I'm so sorry you are out of patience, but I can't blame you either. I know my XW has a TON of issues on her own, but maybe she also ran out of patience w/me.
It is understandable and also sad that by the time he figures it out - and he will if he sticks w/IC and the C is challenging him - your M will be over for good.
It isn't surprising he blamed you and said you were "crazy" earlier, as I would have done the same thing. Denial and projection. It is much easier to blame than to take the blame and fix. He's a mess and has a long road ahead of him. Unfortunately for him, you are so far ahead of him and he may have missed the boat completely.

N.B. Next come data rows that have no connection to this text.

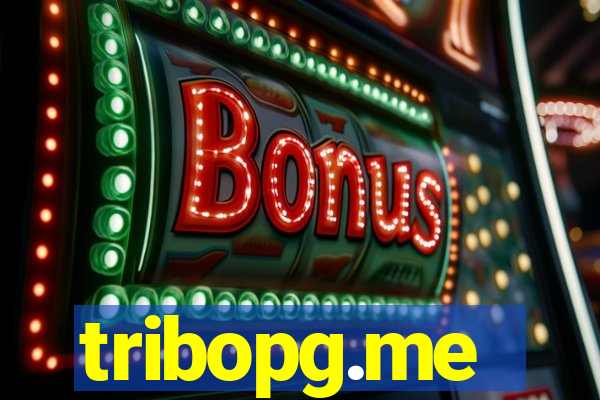 tribopg.me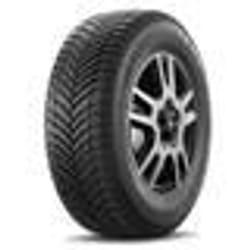 PNEUS MichelinCROSSCLIMATE CAMPING R 118 4 saisons 3528706280085 225/75 R16 118 R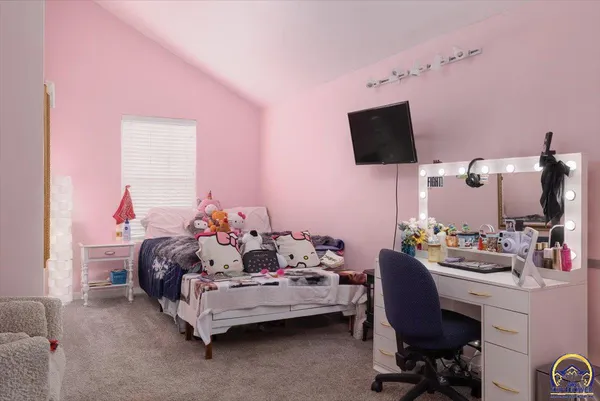 $1,700,000 | 4919 Ferguson Road, Perry, KS 66073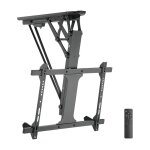 Logilink Deckenhalterung TV...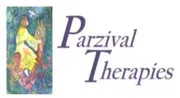 Parzival Therapies logo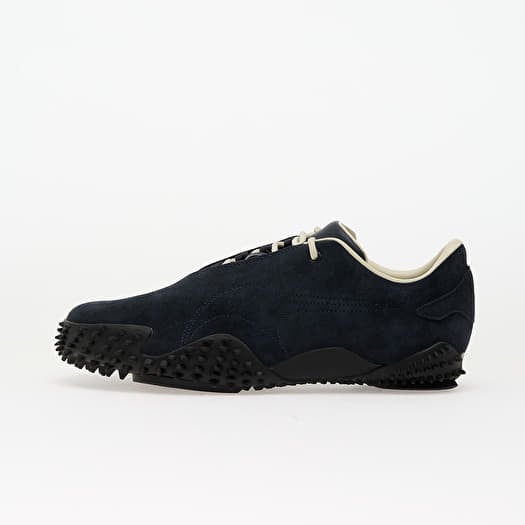 Puma Mostro x JJJJound Deep Navy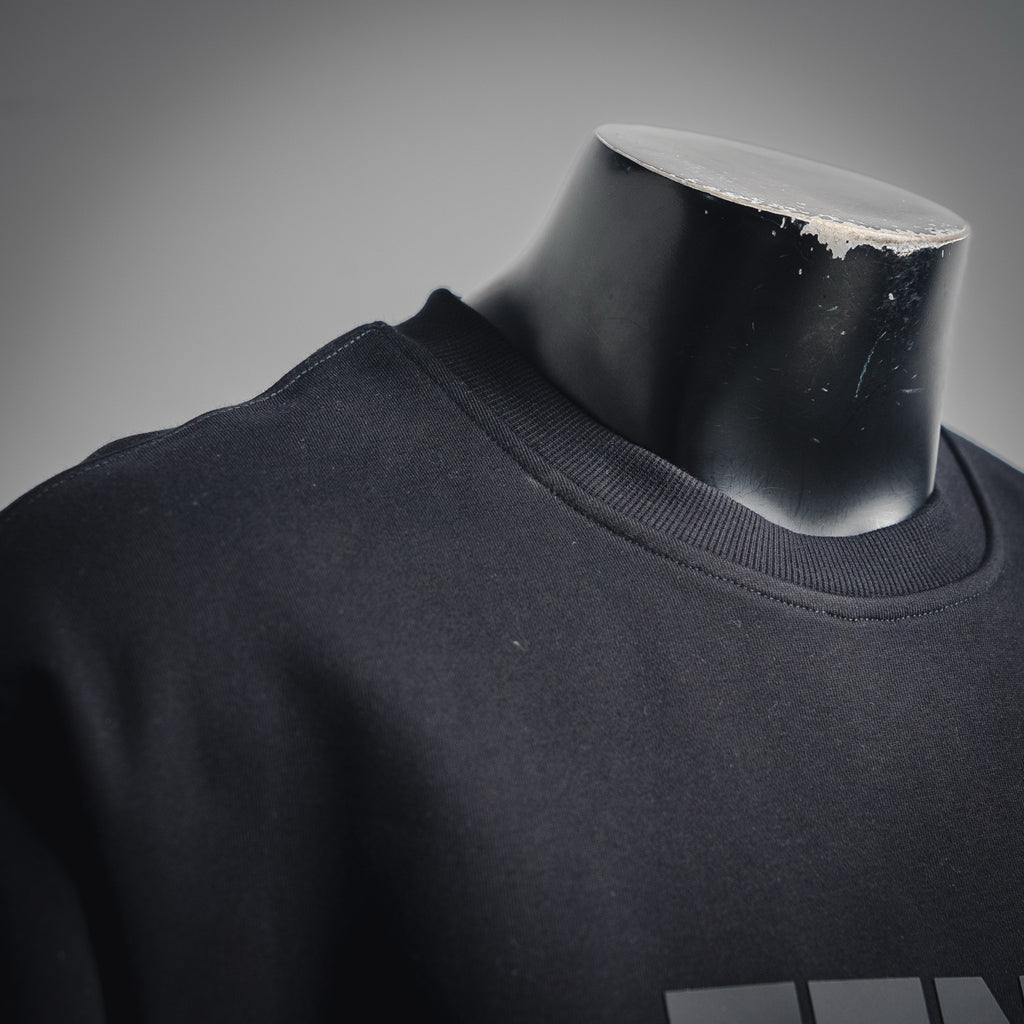 Fend 25fw printed shirt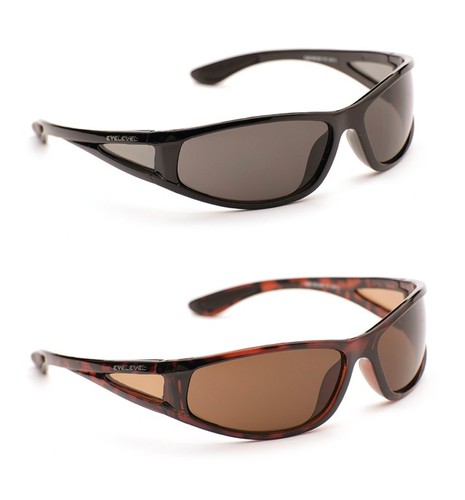 Mens wrap around vintage - wrap,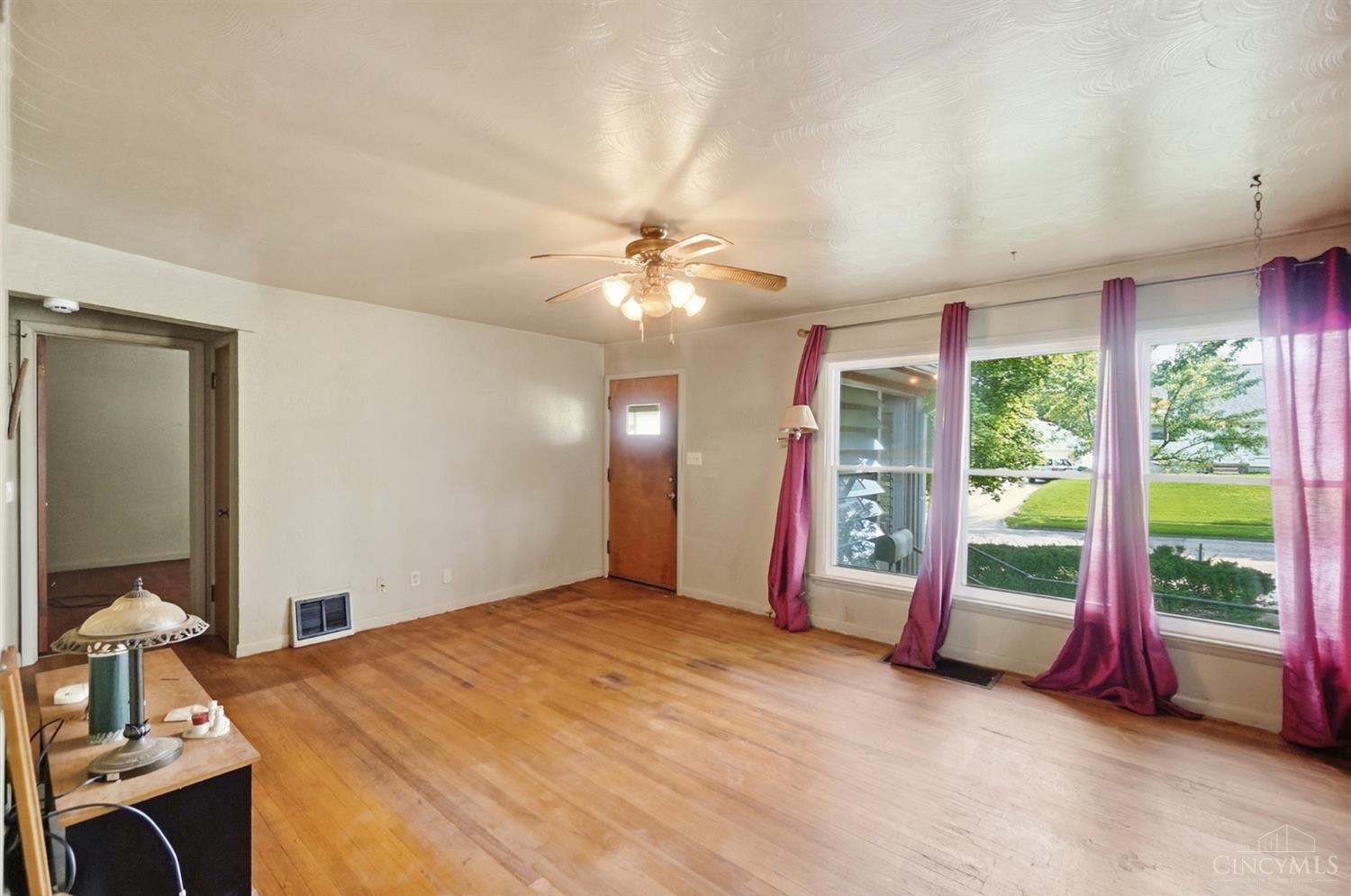 201 Hayden Avenue Property Photo 5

That said, as Kerry mentioned, a year is an awful long time from when the D is filed and when it is finalized. If you truly want to move on, then do. File and move forward.
I would also ask you to tell his IC that he has the year to "really start to get it" b/c once the papers are signed, it is over w/no going back... EVER!

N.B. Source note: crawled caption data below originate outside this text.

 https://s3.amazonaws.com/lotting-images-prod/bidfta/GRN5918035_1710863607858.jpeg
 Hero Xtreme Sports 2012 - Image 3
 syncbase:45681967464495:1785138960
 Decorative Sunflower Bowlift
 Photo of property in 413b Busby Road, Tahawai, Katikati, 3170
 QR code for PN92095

That way, if you see his signs of REAL change, you can always delay or put off the official papers if you need more time. Just like those Iraqis, once you set a firm "withdrawl" date, he's got to either act or be left completely on his own.
In the interim, still do your best to try and see him as the drowning man he is. I know it is hard to put the anger aside b/c you've been the only one working on the M, so you are frustrated. It is completely natural and I've been there myself.
Try as I may, I still get completely pissed at XW and have to force myself to look at her w/compassion and empathy. She's drowning in her own sea of denial, repression, guilt, and displacement, so as long as I can remember that, I do ok w/not wanting to rip her a new one constantly.
That seems to be the next hurdle we all have to learn to clear once the M is over... Forgiveness - which is still tough to fathom how it is for our benefit instead of theirs. Logically, I get it, but emotionally, it makes no sense to me.
Finally, I hope you don't think I was referring to you as being scary or even mean to your H. He deserves what he's getting, but psychologically, he can't produce anything else at this stage.
Love to you as always, my dear...and I've still got your back.